Okay, these are lyrics, which are poetry, which is art; and the meaning of any piece of art lies within the beholder. But this is my interpretation:
The author of the lyrics is playing around with the word "blue" here, and using it simultaneously for different meanings and even as different parts of speech.
"Blue" can be an adjective, as it is here describing both the color of the girl's eyes (see more on this in @ssav's excellent answer) and the author's sad feelings about being so attracted to this inappropriately under-aged girl (more about this in @Mike Kozar's also excellent answer).
"Blue" can also be a noun; and the same occurrence of the word, meaning both the color blue and the author's sad mood, acts as a subject noun here:
That (article) blue (subject) is getting (verb) me (object) high (adjective)
And (conjunction) [that blue is] making (verb) me (object) low (adjective)
And "blue" can be a verb, but (and this is where your love/hate relationship with the English language may hit a very high/low point) it's not used that way here.
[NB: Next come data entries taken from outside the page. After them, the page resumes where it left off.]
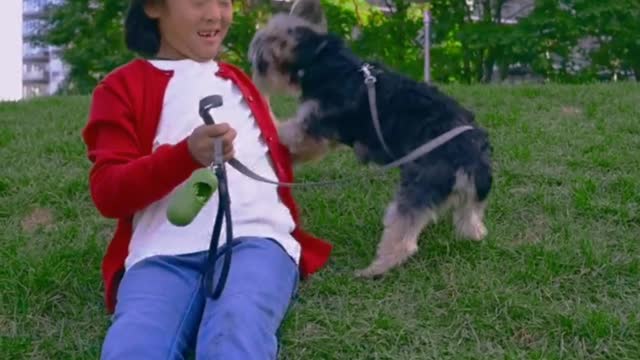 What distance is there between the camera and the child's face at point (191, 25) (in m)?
3.21

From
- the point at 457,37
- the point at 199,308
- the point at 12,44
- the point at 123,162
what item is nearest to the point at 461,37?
the point at 457,37

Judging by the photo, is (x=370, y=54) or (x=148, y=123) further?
(x=370, y=54)

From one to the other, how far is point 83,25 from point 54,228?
18651 millimetres

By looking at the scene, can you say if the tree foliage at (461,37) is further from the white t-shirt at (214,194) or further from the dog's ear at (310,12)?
the white t-shirt at (214,194)

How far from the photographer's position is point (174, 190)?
9.29 feet

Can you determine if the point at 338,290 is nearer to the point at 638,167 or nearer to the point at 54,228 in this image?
the point at 54,228

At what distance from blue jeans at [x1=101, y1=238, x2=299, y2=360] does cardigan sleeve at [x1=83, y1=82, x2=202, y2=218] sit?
0.22m

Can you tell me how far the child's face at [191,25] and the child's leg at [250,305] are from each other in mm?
773

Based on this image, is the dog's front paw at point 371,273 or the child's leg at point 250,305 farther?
the dog's front paw at point 371,273

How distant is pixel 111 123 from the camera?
9.95 ft

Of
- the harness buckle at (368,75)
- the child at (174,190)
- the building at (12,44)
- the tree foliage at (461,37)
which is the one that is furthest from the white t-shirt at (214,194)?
the building at (12,44)

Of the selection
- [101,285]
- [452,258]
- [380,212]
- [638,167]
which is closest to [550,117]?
[638,167]

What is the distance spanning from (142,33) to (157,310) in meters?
1.15

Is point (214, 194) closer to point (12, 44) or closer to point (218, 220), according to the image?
point (218, 220) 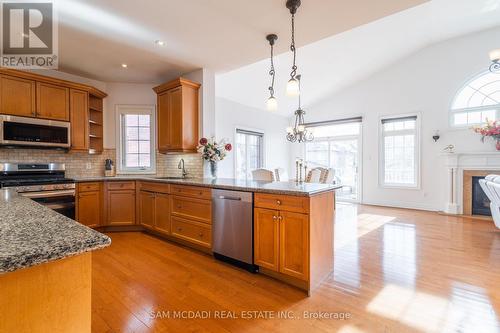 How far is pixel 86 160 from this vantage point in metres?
4.29

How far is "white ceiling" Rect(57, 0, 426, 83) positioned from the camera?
2391mm

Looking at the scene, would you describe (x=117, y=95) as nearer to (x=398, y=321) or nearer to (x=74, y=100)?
(x=74, y=100)

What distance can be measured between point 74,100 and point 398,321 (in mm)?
4941

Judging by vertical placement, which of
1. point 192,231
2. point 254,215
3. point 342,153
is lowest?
point 192,231

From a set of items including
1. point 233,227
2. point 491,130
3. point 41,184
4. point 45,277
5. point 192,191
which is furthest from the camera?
point 491,130

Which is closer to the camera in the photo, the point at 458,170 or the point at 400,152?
the point at 458,170

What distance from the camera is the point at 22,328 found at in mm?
653

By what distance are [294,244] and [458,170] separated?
546 cm

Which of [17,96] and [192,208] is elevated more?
[17,96]

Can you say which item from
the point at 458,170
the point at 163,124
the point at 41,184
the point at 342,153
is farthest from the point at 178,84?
the point at 458,170

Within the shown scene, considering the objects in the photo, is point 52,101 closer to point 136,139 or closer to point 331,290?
point 136,139

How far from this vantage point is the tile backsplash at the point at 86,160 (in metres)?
3.59

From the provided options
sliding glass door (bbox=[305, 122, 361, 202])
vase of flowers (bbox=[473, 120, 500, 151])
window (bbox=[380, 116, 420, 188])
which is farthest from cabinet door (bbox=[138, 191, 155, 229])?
vase of flowers (bbox=[473, 120, 500, 151])

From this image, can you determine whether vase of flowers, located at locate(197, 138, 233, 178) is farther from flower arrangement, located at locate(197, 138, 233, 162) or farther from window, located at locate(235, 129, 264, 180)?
window, located at locate(235, 129, 264, 180) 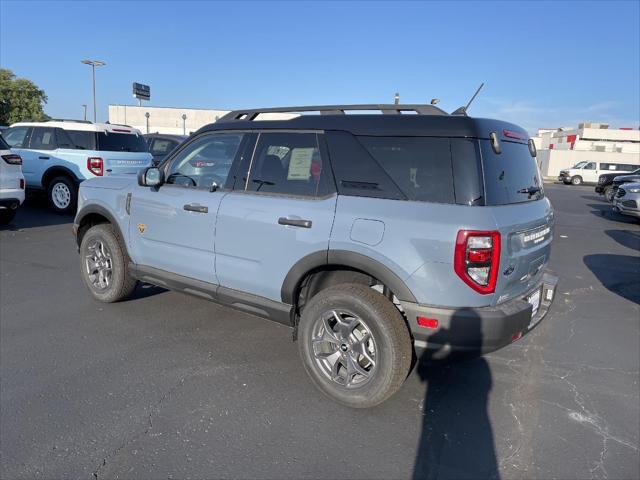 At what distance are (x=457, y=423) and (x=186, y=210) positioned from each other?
2.61m

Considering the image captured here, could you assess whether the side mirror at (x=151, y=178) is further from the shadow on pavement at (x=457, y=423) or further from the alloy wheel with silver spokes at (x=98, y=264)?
the shadow on pavement at (x=457, y=423)

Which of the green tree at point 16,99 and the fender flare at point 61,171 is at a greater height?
the green tree at point 16,99

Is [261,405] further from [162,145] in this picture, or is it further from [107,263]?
[162,145]

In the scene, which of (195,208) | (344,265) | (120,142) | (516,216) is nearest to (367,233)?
(344,265)

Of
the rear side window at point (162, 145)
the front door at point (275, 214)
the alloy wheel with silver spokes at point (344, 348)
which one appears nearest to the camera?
the alloy wheel with silver spokes at point (344, 348)

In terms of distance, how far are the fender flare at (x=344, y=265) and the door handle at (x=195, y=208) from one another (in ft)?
3.15

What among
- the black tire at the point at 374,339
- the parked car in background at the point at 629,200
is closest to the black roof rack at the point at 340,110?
the black tire at the point at 374,339

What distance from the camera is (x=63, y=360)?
3.48m

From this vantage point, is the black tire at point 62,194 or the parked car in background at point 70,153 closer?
the parked car in background at point 70,153

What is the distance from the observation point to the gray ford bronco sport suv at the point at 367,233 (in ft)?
8.64

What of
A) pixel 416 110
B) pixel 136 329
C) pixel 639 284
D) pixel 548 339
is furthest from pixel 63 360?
pixel 639 284

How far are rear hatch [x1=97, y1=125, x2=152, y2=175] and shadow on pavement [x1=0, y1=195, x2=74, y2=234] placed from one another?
1.46 metres

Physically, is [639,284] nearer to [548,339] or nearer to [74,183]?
[548,339]

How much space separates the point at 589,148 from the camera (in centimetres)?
5919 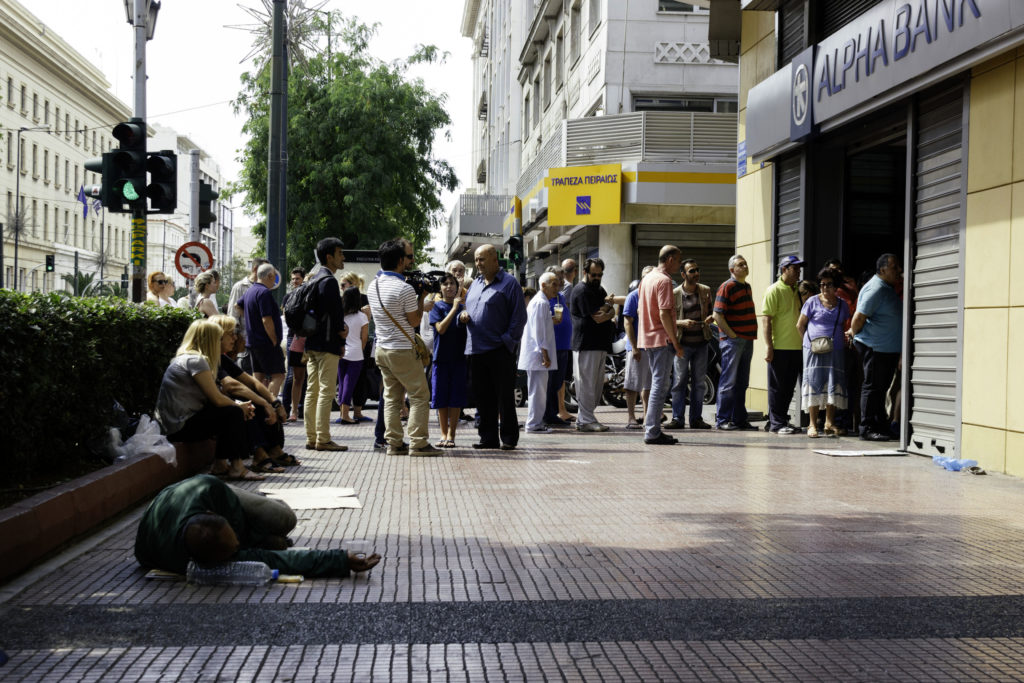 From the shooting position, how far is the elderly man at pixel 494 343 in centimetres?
1132

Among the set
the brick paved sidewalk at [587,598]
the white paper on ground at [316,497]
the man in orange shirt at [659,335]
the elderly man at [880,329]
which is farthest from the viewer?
the man in orange shirt at [659,335]

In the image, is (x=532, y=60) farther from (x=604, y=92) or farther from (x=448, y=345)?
(x=448, y=345)

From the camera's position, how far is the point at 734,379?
547 inches

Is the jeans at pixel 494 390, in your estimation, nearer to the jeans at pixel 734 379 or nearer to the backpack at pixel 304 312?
the backpack at pixel 304 312

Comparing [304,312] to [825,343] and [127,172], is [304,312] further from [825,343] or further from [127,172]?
[825,343]

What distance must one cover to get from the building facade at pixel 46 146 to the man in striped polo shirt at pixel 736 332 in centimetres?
5475

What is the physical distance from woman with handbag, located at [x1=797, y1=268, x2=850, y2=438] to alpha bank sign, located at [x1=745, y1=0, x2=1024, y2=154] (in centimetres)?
192

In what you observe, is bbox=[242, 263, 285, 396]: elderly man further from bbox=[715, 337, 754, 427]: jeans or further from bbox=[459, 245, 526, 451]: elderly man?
bbox=[715, 337, 754, 427]: jeans

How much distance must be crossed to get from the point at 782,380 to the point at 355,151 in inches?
1109

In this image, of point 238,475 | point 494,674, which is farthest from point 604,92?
point 494,674

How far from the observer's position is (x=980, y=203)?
9.85 metres

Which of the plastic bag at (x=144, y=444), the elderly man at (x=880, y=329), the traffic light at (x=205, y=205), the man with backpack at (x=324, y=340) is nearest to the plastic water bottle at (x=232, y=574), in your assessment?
the plastic bag at (x=144, y=444)

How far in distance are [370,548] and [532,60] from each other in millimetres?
37503

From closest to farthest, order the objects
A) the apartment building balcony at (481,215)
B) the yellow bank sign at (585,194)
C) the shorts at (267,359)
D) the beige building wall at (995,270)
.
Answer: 1. the beige building wall at (995,270)
2. the shorts at (267,359)
3. the yellow bank sign at (585,194)
4. the apartment building balcony at (481,215) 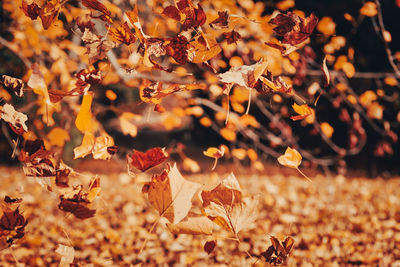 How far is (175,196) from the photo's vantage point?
3.32ft

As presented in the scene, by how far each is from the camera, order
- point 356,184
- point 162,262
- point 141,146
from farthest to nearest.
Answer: point 141,146 → point 356,184 → point 162,262

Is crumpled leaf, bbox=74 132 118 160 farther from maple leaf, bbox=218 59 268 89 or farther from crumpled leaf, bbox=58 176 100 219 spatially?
maple leaf, bbox=218 59 268 89

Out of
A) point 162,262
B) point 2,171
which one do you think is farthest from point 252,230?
point 2,171

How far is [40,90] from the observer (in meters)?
0.90

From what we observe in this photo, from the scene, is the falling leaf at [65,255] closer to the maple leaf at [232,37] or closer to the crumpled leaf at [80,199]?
the crumpled leaf at [80,199]

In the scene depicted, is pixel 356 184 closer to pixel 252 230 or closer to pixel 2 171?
pixel 252 230

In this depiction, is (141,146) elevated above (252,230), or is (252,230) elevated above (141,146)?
(252,230)

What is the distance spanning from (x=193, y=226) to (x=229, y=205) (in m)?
0.14

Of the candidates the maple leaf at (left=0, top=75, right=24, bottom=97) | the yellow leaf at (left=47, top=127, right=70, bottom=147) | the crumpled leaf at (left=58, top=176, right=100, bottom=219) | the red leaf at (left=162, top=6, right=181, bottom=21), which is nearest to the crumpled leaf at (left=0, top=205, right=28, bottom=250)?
the crumpled leaf at (left=58, top=176, right=100, bottom=219)

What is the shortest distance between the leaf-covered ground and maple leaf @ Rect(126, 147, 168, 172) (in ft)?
0.76

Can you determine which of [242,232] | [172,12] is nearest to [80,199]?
[172,12]

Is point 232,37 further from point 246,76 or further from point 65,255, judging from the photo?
point 65,255

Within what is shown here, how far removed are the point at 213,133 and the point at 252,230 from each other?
515cm

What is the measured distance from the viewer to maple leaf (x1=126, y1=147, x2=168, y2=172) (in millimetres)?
1047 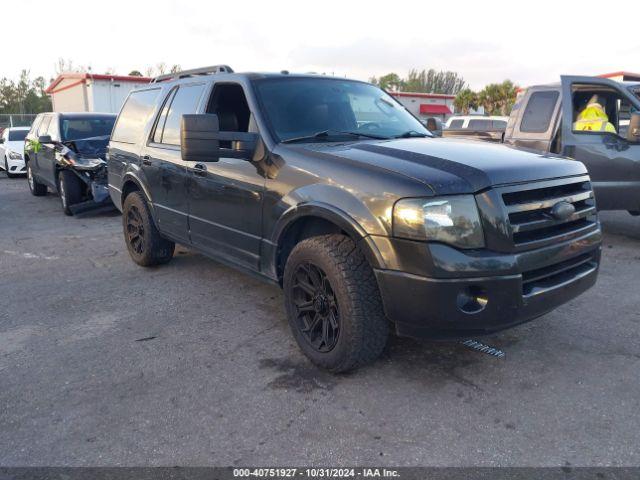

Both meanings of "to blue" are chemical processes: one oxidizes the surface of steel to provide partial protection from rust; and one adds a slight blue tint to white laundry, making it the white appear brighter. Neither is going on in this song.
I think the author wants the little girl to close her eyes not just because they are so problematically blue, but also to shut him out, to decline the relationship he so desperately both wants and doesn't want to have with her. Some of the lyrics not quoted here include very sexual connotations and cultural references, and I think that by "eyes" the author might also mean "legs."